Мой отец был бедняком. У него была одна корова, одна хата, одна жена и пятеро детей.

Есть бедняк, у которого ничего нет.

Есть еврей, который берёт в долг у бедняка, у которого ничего нет.

И есть тот, кто снимает угол у еврея, который берет в долг у бедняка, у которого ничего нет.

Мой отец находился на вершине этой лестницы, поэтому за хатой, в которой мы жили, была ещё одна, в которой была лавка, так как каждый еврей в Ракошине имел что-нибудь для продажи.

В Ракошине было тысяча домов, католический костёл для венгров и поляков, униатская церковь для украинцев, еврейская синагога и собственный ракошинский календарь. Весной откармливали гусей на Пейсах, а осенью курицу на Йом Кипур, после Рош Хашана, когда полдень становился всё короче, а тени всё длинней, ставилось сусло на новое вино, после вина выщипывали перья, после перьев наступало время копать картошку на латкес, на Хануку.

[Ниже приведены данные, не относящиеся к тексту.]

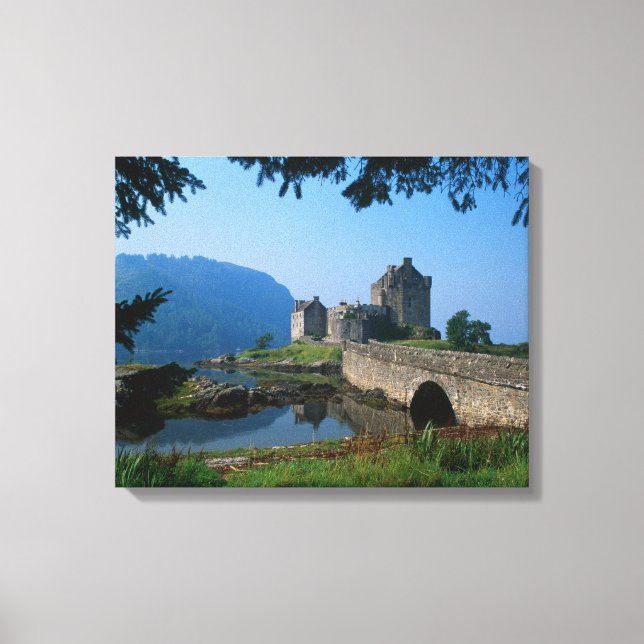 Eilean Donan Castle, Highlands, Skottland 2 Canvastryck (Framsida)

Те, кто жил со стороны костёла говорили по-еврейски с венгерским акцентом, а те, кто жил со стороны церкви, говорили по-еврейски с украинским акцентом.

Когда в Ракошине возникло гетто, наши украинские соседи хотели спрятать одну из моих сестёр, а венгерские соседи — другую, но мой отец поблагодарил их, и сказал, что предпочитает, чтобы вся семья погибла вместе, тогда, по крайней мере, он будет знать, какой смертью умерли его дети.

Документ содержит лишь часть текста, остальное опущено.